Ci hai accompagnato per vari anni con la tua esuberante intelligenza, con una generosità che ti portava ad esporti sempre in prima persona sulle frontiere dell’educazione alla pace nelle scuole, nei progetti di cooperazione internazionale in Africa, nelle pratiche della nonviolenza attiva.


Era il tempo della guerra nei Balcani e tu, in Kosovo, con la Caritas, lavoravi per tessere spazi di convivenza e riconciliazione tra i gruppi e le comunità che avevano sperimentato la divisione e la violenza delle armi. Hai sempre restituito con misura abbondante tutti quei doni e risorse che la vita ti ha elargito. Tu ci precedevi sempre nel pensiero, nella visione, nell’organizzazione e ci segnavi la strada da percorrere.

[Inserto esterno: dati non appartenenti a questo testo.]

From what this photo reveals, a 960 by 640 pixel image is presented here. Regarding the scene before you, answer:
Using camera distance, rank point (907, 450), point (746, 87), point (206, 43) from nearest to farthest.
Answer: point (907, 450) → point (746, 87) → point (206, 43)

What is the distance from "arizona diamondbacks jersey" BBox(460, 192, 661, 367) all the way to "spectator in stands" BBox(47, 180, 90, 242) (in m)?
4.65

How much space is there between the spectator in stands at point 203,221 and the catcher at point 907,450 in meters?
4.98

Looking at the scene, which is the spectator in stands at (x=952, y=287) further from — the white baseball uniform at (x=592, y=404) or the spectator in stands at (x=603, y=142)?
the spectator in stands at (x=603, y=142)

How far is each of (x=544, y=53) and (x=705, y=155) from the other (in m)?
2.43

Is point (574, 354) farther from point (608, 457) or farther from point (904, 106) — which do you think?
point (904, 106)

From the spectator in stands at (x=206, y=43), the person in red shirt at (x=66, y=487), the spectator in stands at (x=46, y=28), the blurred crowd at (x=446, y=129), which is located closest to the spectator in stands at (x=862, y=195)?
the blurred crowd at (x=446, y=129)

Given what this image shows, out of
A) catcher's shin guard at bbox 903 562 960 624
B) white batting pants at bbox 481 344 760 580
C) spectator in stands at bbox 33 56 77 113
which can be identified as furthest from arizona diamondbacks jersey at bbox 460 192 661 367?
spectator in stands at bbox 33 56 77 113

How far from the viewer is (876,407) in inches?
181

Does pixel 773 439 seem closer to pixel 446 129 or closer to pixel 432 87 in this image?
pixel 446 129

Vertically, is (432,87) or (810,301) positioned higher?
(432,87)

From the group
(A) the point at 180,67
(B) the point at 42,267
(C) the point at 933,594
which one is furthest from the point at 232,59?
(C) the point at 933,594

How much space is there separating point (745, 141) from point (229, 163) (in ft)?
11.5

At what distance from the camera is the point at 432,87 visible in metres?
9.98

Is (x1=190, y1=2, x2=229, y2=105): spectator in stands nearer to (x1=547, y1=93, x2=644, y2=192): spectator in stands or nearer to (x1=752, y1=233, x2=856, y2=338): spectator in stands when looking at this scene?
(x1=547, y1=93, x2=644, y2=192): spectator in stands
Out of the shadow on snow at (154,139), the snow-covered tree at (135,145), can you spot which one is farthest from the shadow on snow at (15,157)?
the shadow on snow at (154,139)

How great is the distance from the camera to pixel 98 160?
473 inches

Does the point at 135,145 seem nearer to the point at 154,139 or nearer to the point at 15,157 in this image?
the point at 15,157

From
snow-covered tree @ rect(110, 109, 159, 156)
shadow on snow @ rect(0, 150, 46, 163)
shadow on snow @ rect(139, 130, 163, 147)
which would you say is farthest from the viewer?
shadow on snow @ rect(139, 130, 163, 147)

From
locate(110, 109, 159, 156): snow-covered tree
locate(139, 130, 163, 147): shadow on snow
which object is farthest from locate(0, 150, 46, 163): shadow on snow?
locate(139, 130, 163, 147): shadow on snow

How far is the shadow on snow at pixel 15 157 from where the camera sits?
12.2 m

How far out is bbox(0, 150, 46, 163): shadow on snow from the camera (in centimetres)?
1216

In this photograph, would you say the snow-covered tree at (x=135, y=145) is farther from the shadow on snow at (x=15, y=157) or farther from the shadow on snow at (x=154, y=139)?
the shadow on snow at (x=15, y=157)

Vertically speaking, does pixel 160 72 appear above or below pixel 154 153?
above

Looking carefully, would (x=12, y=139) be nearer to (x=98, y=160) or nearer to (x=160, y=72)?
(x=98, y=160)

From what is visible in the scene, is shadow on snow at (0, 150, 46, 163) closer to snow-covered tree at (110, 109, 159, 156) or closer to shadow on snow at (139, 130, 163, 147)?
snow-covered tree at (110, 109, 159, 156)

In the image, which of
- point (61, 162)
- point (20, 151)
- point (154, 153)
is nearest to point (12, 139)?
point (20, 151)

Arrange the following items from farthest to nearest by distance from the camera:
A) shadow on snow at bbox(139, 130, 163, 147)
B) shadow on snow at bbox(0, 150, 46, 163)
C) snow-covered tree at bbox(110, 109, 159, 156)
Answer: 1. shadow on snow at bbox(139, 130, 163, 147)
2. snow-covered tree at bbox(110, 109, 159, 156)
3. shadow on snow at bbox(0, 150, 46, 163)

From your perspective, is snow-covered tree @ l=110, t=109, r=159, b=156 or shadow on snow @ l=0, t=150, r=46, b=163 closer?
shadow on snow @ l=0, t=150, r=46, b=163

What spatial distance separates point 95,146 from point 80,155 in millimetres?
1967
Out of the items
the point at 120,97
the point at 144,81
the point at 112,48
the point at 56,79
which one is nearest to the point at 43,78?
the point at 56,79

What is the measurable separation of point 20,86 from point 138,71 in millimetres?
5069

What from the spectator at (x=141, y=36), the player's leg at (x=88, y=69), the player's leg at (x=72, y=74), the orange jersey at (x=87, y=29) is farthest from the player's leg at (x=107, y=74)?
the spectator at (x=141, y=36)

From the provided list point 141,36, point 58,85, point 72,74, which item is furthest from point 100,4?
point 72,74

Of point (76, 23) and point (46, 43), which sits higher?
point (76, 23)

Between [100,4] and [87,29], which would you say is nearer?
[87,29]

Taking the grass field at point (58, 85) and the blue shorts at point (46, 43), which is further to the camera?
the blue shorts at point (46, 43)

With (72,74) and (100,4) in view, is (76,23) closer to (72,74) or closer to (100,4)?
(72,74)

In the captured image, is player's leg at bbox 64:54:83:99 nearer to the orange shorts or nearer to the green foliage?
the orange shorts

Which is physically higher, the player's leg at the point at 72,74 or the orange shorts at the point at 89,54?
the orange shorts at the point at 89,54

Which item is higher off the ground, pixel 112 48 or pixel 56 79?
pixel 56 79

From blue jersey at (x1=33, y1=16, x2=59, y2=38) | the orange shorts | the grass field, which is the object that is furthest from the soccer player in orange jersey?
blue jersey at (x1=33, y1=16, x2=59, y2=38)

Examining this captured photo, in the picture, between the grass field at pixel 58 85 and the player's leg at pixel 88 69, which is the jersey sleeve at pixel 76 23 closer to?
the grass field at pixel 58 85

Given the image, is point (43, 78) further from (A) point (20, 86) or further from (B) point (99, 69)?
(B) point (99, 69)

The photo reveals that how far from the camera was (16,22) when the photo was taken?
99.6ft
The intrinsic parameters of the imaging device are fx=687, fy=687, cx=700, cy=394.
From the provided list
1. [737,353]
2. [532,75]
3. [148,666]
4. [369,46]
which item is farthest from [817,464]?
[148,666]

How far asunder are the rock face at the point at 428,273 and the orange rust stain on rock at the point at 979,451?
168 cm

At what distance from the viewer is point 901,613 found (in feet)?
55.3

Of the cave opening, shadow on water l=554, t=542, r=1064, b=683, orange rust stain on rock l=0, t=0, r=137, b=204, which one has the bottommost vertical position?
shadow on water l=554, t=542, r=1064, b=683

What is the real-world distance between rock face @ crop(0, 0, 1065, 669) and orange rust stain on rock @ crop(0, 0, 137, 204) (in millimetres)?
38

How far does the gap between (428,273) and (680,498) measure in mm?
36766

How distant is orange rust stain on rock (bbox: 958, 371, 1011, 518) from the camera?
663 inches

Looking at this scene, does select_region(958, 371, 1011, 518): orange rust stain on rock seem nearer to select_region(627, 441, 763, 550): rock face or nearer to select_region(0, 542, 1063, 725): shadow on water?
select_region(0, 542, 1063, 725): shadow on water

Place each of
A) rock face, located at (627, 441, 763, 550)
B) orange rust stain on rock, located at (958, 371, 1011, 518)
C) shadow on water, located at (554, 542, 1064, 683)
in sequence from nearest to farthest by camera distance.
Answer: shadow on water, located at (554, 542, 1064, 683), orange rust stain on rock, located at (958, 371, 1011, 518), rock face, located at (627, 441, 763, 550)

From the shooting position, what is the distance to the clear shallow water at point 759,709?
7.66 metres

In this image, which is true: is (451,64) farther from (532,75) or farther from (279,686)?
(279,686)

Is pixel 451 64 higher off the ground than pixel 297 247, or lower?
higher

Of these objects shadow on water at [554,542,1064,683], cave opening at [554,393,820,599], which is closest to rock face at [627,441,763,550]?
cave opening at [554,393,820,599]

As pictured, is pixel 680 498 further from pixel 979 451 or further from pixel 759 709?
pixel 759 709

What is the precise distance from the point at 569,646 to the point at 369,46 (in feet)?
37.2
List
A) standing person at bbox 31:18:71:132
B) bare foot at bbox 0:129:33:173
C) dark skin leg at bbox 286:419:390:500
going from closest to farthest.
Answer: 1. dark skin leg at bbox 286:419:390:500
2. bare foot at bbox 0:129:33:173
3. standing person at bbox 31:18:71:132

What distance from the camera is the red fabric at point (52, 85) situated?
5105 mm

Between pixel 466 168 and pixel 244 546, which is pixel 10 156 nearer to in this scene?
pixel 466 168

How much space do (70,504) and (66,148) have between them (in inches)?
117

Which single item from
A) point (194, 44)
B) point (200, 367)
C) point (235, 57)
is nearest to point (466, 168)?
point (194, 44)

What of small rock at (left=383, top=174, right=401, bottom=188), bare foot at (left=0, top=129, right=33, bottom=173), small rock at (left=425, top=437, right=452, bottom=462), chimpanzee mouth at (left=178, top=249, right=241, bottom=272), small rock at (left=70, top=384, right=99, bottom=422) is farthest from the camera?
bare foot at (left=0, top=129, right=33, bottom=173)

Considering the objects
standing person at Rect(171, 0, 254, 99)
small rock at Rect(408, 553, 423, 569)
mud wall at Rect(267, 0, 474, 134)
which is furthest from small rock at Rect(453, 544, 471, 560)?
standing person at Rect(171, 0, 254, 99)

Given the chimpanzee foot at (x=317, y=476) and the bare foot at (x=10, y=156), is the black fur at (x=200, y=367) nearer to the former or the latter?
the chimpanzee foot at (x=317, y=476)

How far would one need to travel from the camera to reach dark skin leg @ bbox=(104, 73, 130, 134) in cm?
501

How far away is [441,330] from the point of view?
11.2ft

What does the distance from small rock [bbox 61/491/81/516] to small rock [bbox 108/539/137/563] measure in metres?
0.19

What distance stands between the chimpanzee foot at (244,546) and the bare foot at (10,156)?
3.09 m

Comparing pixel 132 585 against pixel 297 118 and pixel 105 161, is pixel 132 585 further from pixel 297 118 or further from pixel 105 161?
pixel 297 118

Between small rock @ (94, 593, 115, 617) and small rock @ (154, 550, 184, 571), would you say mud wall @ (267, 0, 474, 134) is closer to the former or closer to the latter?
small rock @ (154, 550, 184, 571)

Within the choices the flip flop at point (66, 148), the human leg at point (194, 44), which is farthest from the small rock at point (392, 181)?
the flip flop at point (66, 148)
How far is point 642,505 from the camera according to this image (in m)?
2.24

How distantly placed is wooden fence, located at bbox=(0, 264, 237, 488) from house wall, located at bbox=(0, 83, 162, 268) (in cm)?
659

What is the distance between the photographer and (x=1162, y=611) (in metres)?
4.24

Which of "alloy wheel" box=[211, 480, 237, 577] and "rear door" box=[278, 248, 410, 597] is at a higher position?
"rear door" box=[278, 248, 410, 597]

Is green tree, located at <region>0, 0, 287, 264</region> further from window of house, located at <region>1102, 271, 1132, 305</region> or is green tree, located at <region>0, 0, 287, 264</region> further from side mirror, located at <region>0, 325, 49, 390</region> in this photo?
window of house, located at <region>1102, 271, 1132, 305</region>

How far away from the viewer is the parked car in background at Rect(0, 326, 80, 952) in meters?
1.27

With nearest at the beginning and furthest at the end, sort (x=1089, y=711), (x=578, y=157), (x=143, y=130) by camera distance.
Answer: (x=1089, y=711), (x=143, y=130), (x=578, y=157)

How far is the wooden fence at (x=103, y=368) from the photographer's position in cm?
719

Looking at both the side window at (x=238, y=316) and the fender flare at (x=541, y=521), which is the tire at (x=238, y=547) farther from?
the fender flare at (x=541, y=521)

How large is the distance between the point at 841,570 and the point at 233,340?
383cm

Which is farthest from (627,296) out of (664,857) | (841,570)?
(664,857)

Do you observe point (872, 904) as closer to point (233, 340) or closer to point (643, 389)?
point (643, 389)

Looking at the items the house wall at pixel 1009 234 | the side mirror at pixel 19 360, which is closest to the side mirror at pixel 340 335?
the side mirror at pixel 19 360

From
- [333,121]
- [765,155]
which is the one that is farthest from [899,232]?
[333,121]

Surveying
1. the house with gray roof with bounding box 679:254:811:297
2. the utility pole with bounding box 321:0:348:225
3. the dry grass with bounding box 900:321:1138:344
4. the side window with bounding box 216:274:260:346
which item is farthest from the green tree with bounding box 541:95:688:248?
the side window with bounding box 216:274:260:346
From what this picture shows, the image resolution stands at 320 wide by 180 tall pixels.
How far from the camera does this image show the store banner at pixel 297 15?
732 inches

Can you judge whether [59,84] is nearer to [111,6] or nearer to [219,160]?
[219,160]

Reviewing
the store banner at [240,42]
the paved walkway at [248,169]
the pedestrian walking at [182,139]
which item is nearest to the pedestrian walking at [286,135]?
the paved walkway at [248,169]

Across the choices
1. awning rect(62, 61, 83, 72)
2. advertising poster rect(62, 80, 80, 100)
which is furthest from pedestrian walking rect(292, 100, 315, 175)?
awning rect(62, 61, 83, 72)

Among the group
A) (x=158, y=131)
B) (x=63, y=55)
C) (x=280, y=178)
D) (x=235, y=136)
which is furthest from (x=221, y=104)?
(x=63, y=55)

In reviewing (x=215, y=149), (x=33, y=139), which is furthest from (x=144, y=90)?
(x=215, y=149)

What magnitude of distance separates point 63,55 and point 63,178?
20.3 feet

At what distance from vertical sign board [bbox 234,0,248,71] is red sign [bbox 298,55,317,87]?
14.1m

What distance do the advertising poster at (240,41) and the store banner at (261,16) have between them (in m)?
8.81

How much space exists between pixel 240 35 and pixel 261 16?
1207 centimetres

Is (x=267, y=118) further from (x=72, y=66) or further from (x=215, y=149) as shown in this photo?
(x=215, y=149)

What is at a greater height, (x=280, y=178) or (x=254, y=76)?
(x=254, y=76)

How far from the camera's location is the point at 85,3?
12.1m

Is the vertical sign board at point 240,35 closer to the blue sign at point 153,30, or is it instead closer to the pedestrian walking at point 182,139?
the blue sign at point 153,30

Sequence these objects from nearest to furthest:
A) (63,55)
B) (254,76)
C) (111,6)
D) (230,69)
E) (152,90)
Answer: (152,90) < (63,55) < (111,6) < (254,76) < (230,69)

Avevi come motto “agire localmente e pensare globalmente” perché in un mondo interconnesso sapevi che non si può separare la realtà vicina da quella lontana, chi è italiano da chi è straniero, il cristiano da chi ha un’altra religione. Siamo tutti un’unica famiglia umana e “fratelli tutti” come dice papa Francesco e questo era anche il tuo sogno.
Che diventava realtà nel tuo impegno nella Campagna internazionale per i diritti umani in Sudan; nella Banca Etica per una finanza giusta e responsabile centrata non sul profitto, ma sul bene comune, la sostenibilità sociale e ambientale; nel tuo sforzo di declinare la pace nelle realtà amministrative del territorio e nelle attività di pressione verso le istituzioni politiche.


Ci lasci un’eredità di grandi valori e impegni. La tua morte ci ha colto all’improvviso e ci addolora tantissimo. Sappiamo però, che nel mistero della fede e della Comunione dei Santi resti vicino a noi e ci accompagni sulla via della pace.


Ci siamo detti tante volte, nei vari momenti di preghiera insieme, che la pace è trainata nella storia dalle persone che l’hanno testimoniata.
Per questo, continueremo a osare la pace per fede, nonostante le tante guerre e ingiustizie perpetrate su persone innocenti e popoli da parte delle strutture di peccato che dominano il mondo.
Caro Paolo, ti chiediamo di camminare in cordata spirituale con noi come in passato.


E la pace sia per sempre con te e con tutti noi.